Beethoven & the Broadwood Fortepiano
Beethoven owned a Broadwood fortepiano built in 1817, a gift from Thomas Broadwood who had met Beethoven in Vienna in the summer of that year. Broadwood asked five fortepianists living in London to help him select the appropriate instrument and had the names of these men engraved on a plaque. The keyboard of Beethoven's Broadwood spanned six octaves (CC to c''''), slightly narrower than the Beethoven Center's 1823 instrument (which extends up to f'''').
Map of the journey of Beethoven's Broadwood fortepiano
In December 1817, Broadwood shipped the instrument from London. It arrived in Vienna seven months later slightly damaged after an arduous journey over sea to Trieste, then by cart into Vienna.

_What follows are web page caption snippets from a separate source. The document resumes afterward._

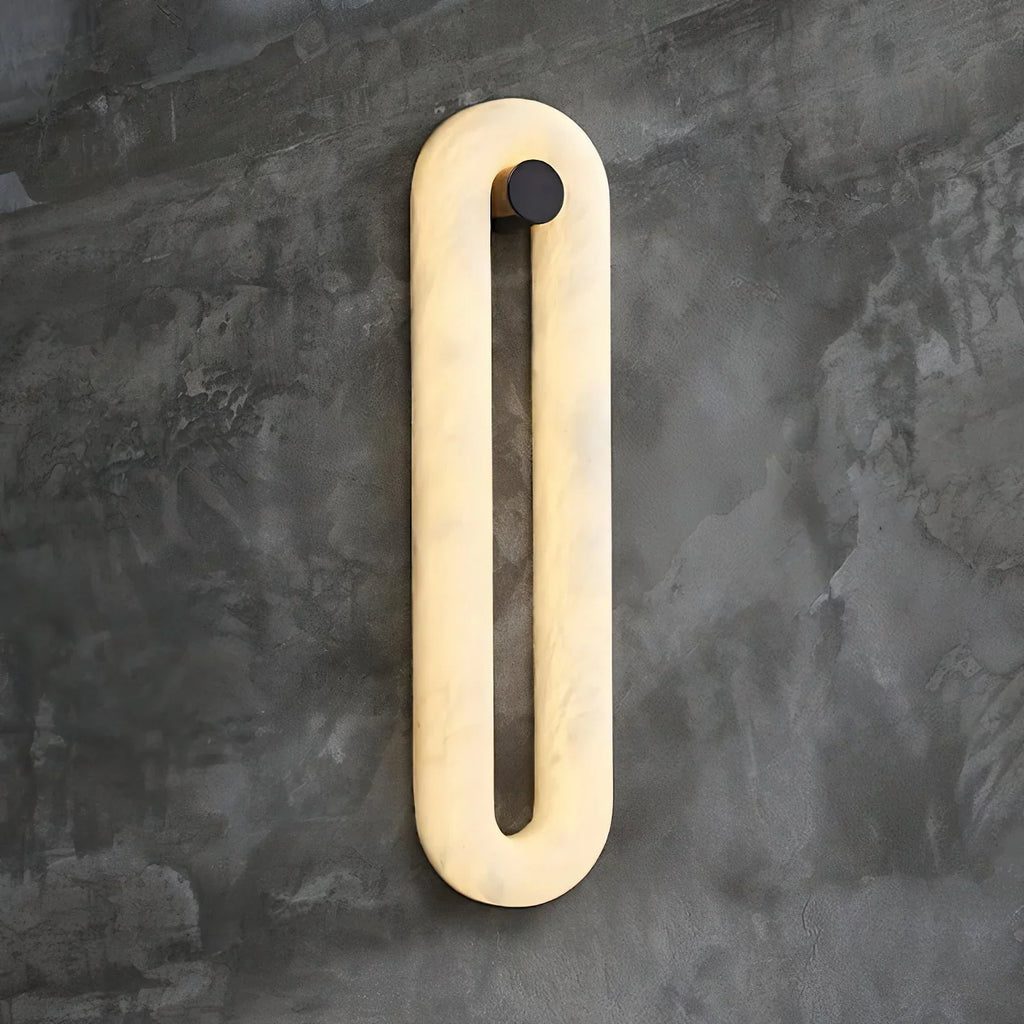 Alabaster Fader Elliptical Wall Lamp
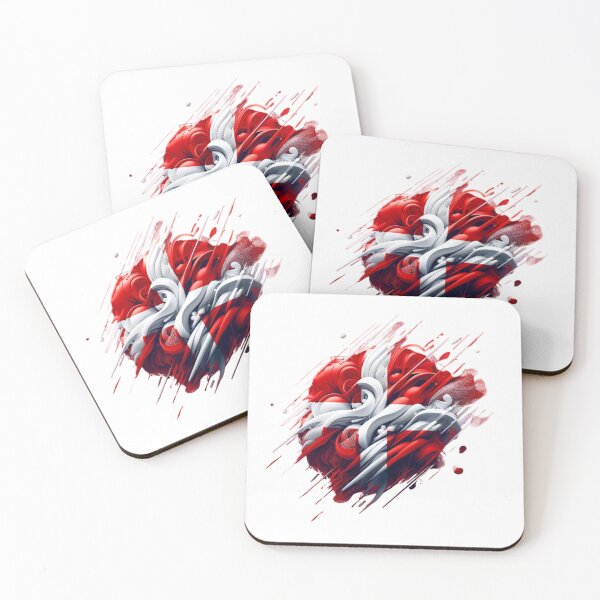 Item preview, Nordic Cross: Stylish Danish Flag designed and sold by Places On Earth.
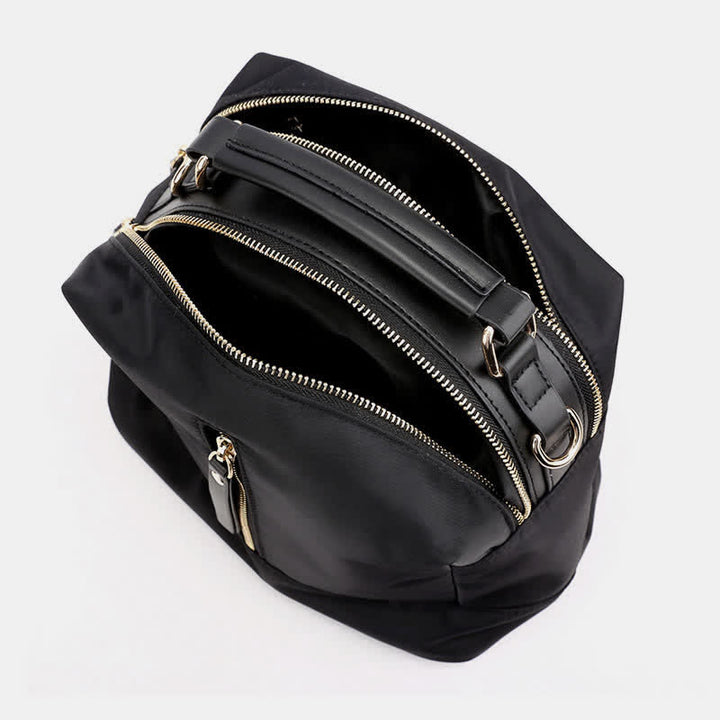 Kleine Umhängetasche mit Doppelreißverschluss, Handtasche für Damen, leichte Geldbörse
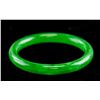 Image 1 : Burma Green Jadeite Carved Bangle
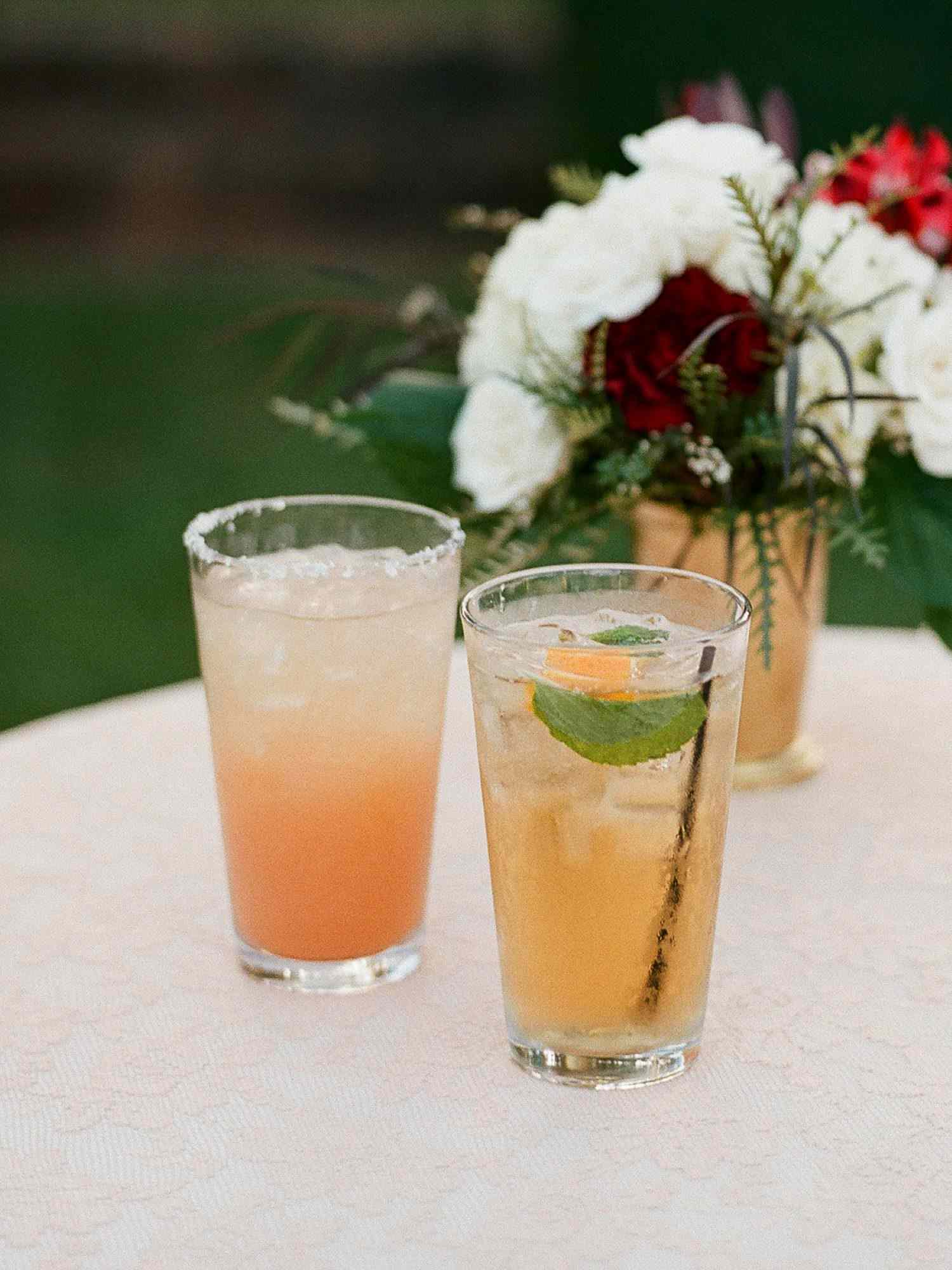 his and hers cocktails drinks davy whitener color palette gin bourbon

Beethoven enlisted his friend, the Viennese piano builder Nanette Streicher, to make the necessary repairs. Beethoven kept the instrument at his home in the Schwarzspanierhaus until his death in 1827, and it was then sold to C. Anton Spina, a music publisher.
In 1845, Spina gave the instrument to Franz Liszt who kept it in his home in Wiemar until he donated it to the Hungarian National Museum in 1874. In 1991, Beethoven's Broadwood was restored to playable condition and was featured in a tour with the fortepianist Melvyn Tan.